English Amiga Board

English Amiga Board (https://eab.abime.net/index.php)
-   Coders. Asm / Hardware (https://eab.abime.net/forumdisplay.php?f=112)
-   -   Fast tile flipping on CD32 (https://eab.abime.net/showthread.php?t=92873)

mcgeezer 31 May 2018 23:58

Fast tile flipping on CD32
 
Hi all,

Does anyone know if there are any system calls I can make on a CD32 platform that will take a graphical tile and flip it on the X, Y or both axis?

I have the CD32 developer documentation but for some reason I can't find anything specific to this Akiko chip and how to access it.

I want to take a 32x32 pixel tile and flip it.
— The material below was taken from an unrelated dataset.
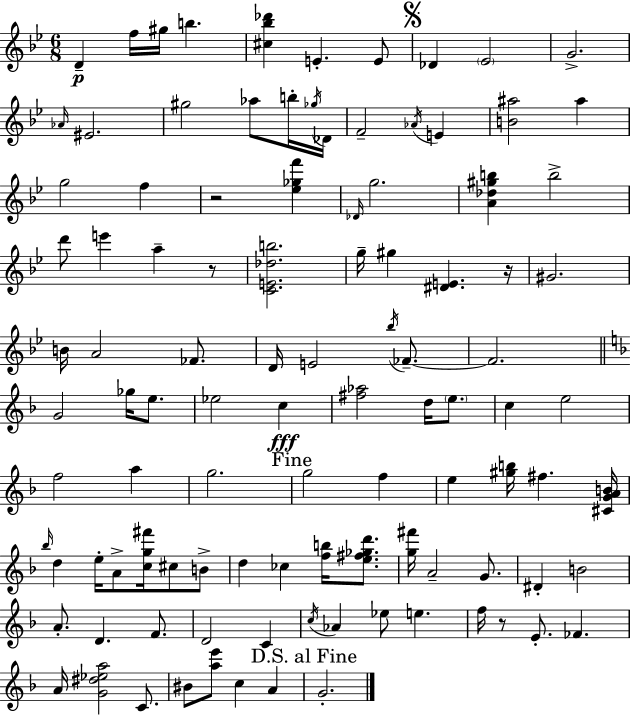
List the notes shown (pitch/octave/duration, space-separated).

D4/q F5/s G#5/s B5/q. [C#5,Bb5,Db6]/q E4/q. E4/e Db4/q Eb4/h G4/h. Ab4/s EIS4/h. G#5/h Ab5/e B5/s Gb5/s Db4/s F4/h Ab4/s E4/q [B4,A#5]/h A#5/q G5/h F5/q R/h [Eb5,Gb5,F6]/q Db4/s G5/h. [A4,Db5,G#5,B5]/q B5/h D6/e E6/q A5/q R/e [C4,E4,Db5,B5]/h. G5/s G#5/q [D#4,E4]/q. R/s G#4/h. B4/s A4/h FES4/e. D4/s E4/h Bb5/s FES4/e. FES4/h. G4/h Gb5/s E5/e. Eb5/h C5/q [F#5,Ab5]/h D5/s E5/e. C5/q E5/h F5/h A5/q G5/h. G5/h F5/q E5/q [G#5,B5]/s F#5/q. [C#4,G4,A4,B4]/s Bb5/s D5/q E5/s A4/e [C5,G5,F#6]/s C#5/e B4/e D5/q CES5/q [F5,B5]/s [E5,F#5,Gb5,D6]/e. [G5,F#6]/s A4/h G4/e. D#4/q B4/h A4/e. D4/q. F4/e. D4/h C4/q C5/s Ab4/q Eb5/e E5/q. F5/s R/e E4/e. FES4/q. A4/s [G4,D#5,Eb5,A5]/h C4/e. BIS4/e [A5,E6]/e C5/q A4/q G4/h. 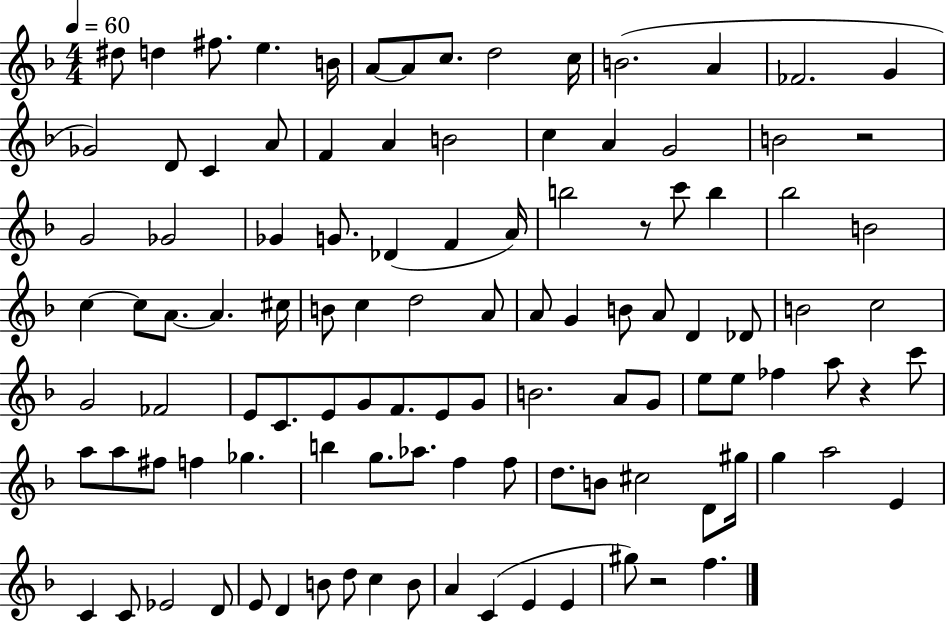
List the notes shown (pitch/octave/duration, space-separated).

D#5/e D5/q F#5/e. E5/q. B4/s A4/e A4/e C5/e. D5/h C5/s B4/h. A4/q FES4/h. G4/q Gb4/h D4/e C4/q A4/e F4/q A4/q B4/h C5/q A4/q G4/h B4/h R/h G4/h Gb4/h Gb4/q G4/e. Db4/q F4/q A4/s B5/h R/e C6/e B5/q Bb5/h B4/h C5/q C5/e A4/e. A4/q. C#5/s B4/e C5/q D5/h A4/e A4/e G4/q B4/e A4/e D4/q Db4/e B4/h C5/h G4/h FES4/h E4/e C4/e. E4/e G4/e F4/e. E4/e G4/e B4/h. A4/e G4/e E5/e E5/e FES5/q A5/e R/q C6/e A5/e A5/e F#5/e F5/q Gb5/q. B5/q G5/e. Ab5/e. F5/q F5/e D5/e. B4/e C#5/h D4/e G#5/s G5/q A5/h E4/q C4/q C4/e Eb4/h D4/e E4/e D4/q B4/e D5/e C5/q B4/e A4/q C4/q E4/q E4/q G#5/e R/h F5/q.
Any help as always is really appreciated.

Geezer

ross 01 June 2018 08:06

Quote:

Originally Posted by mcgeezer (Post 1245833)
Does anyone know if there are any system calls I can make on a CD32 platform that will take a graphical tile and flip it on the X, Y or both axis?

Hi mcgeezer,
I do not know if it exists and in any case I imagine it would be slow..

Quote:

I want to take a 32x32 pixel tile and flip it.
The only fast thing that comes to my mind to make a flip around the y axis is through lockup table (8bit flip through a 256byte table and then shuffle positions or 16bit flip through a 64kwords table then swap) or much more convoluted and slow with the blitter.
Around the x axis is very simple with both the cpu and the blitter (modulo is your friend).

The alternative is to work completely in chunky, forgetting bitplanes and working only in bytes and then make the conversion with Akiko (that I have no idea how to program) or using one of the many chunky to planar routines available.

Obviously the fastest thing is to use double the memory (or the triple if you want also the composite flips) with different copies of the same tile :D

hooverphonique 01 June 2018 09:42

Quote:

Originally Posted by mcgeezer (Post 1245833)
Hi all,

Does anyone know if there are any system calls I can make on a CD32 platform that will take a graphical tile and flip it on the X, Y or both axis?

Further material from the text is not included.